The heavyweight champion of the year, and at 18 billion solar masses, the largest known black hole in the universe was discovered in January of this year. The biggest black hole beats out its nearest competitor, the black hole in the heart of M87, by a factor of six.

black_hole_big_2_3

Located in the heart of a quasar called OJ287, it’s at a distance of 3.5 billion light years .

Just like other champions, it had some help. In order to measure the black hole’s mass you need an object orbiting it. A smaller black hole, which weighs about 100 million Solar masses, orbits the larger one on an eccentric path every 12 years. It comes close enough to fly through the disc of matter around the larger black hole twice each orbit, causing a pair of outbursts, coming and going, that make OJ287 suddenly brighten.

General relativity predicts that the smaller hole’s orbit itself should precess over time. This effect  is seen in Mercury’s orbit around the Sun, on a much smaller scale.
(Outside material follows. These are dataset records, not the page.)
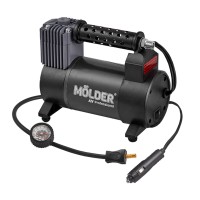 Автомобильный компрессор Molder Jet Air 12В 10Атм 40л/мин MA25110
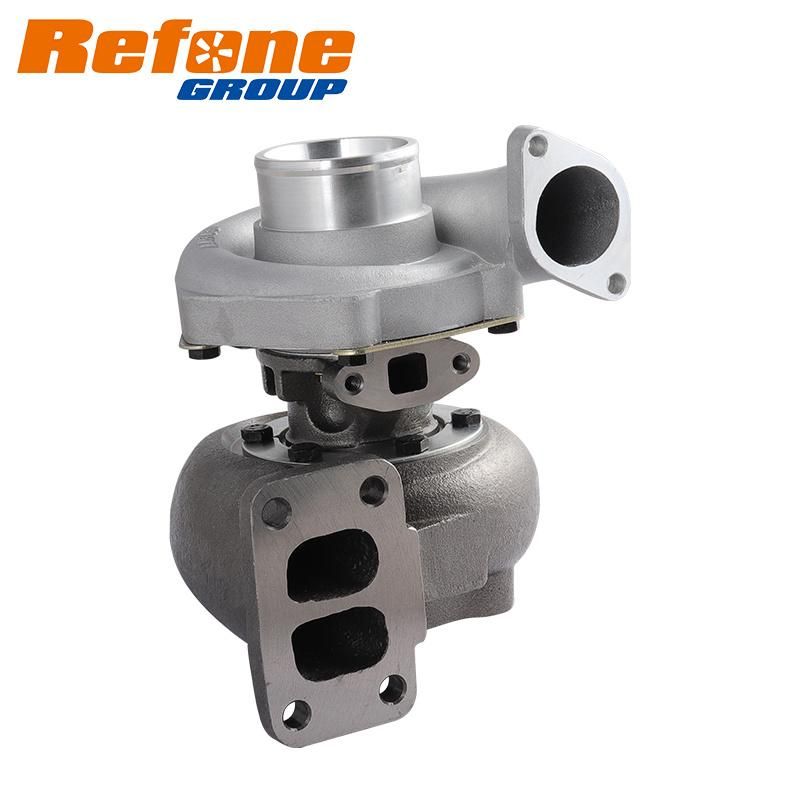 T04b27 Turbo 409300-0001 3520961599 Turbocharger for Mercedes Benz Truck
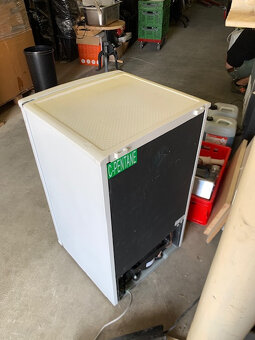 lednice Candy CTLP 130 bez mrazáku - 7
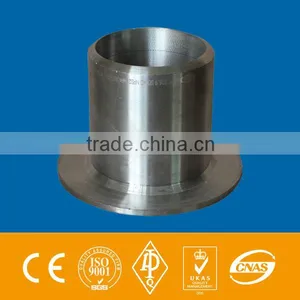 Stainless Steel Lap Joint Long Stub End thumbnail-2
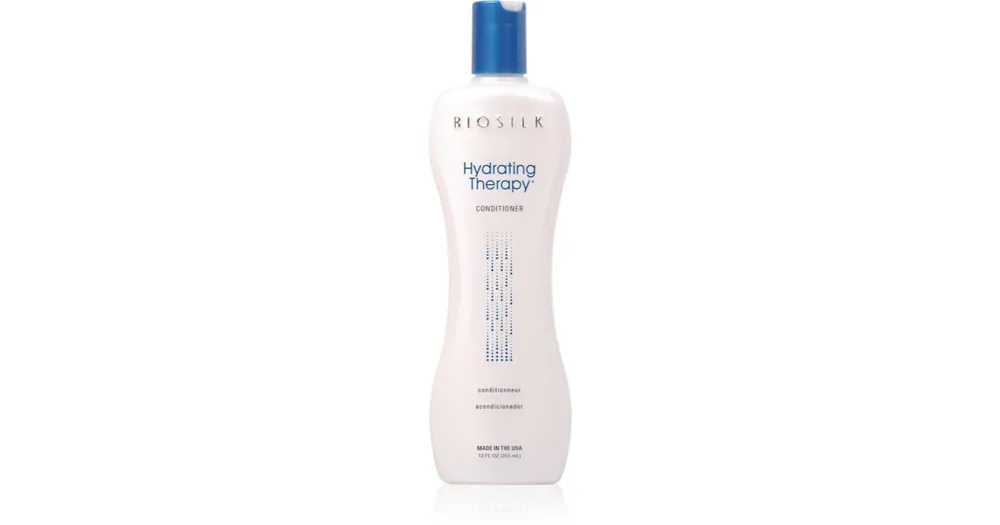 Vedd meg most BiosilkHydrating Therapy Conditioner hidratáló kondicionáló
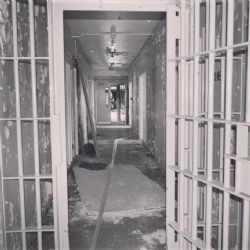 Ashwell Prison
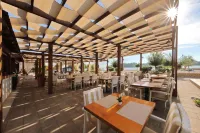 Vile Dalmacija Hotels in Kali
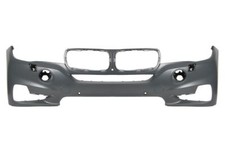 Stoßstange vorne passt für: BMW X5 F15, F85 07.13-06.18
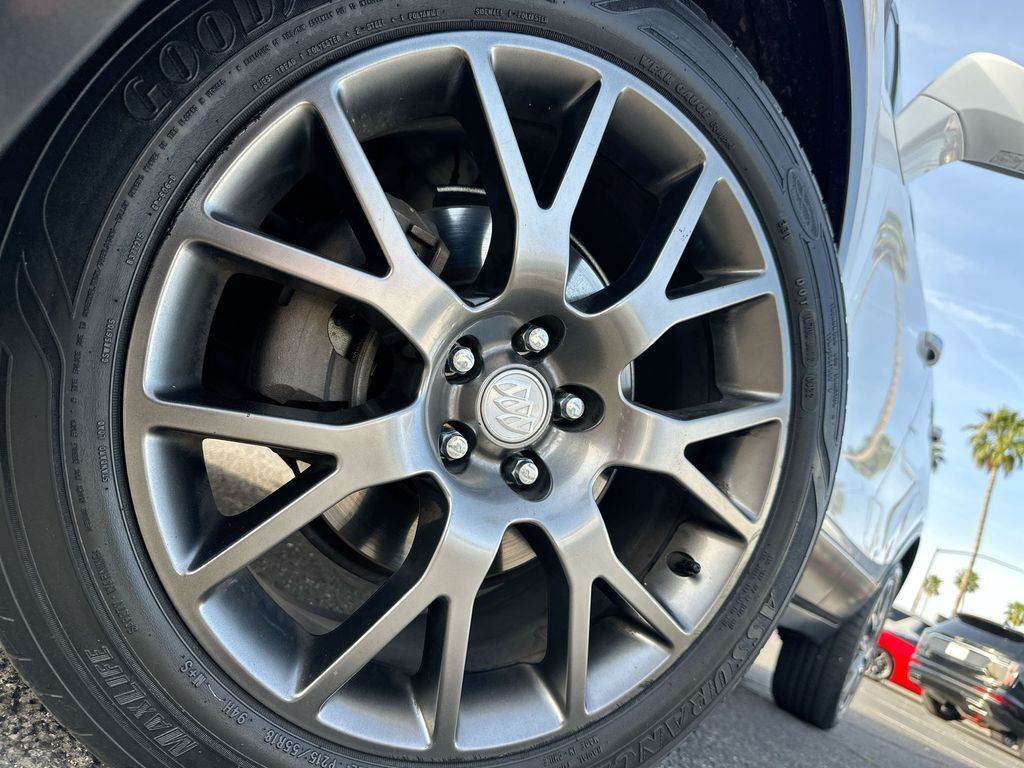 2019 Buick Encore Sport Touring Tucson AZ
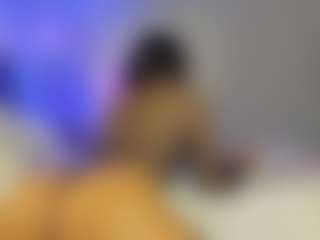 ANIE's Live Sex Cam Show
In the case of OJ287, the immense gravitational field of the larger black hole causes the smaller black hole’s orbit to precess at an  39° each orbit! The precession changes the timing of when the smaller hole punches through the disc surrounding its larger companion.

About a dozen of the resulting bright outbursts have been observed to date, and astronomers led by Mauri Valtonen of Tuorla Observatory in Finland have analysed them to measure the precession rate of the smaller hole’s orbit. That, along with the period of the orbit, suggests the larger black hole weighs a record 18 billion Suns.

The most recent outburst occurred on 13 September 2007, as predicted by general relativity. “If there was no orbital decay, the outburst would have been 20 days later than when it actually happened,” Valtonen told New Scientist, adding that the black holes are on track to merge within 10,000 years, due to orbital decay caused by gravitational radiation.

Craig Wheeler, of the U of Texas, says the observations of the outbursts fit closely with the expectations from general relativity. “The fact that you can fit Einstein’s theory [so well] … is telling you that that’s working,” he says.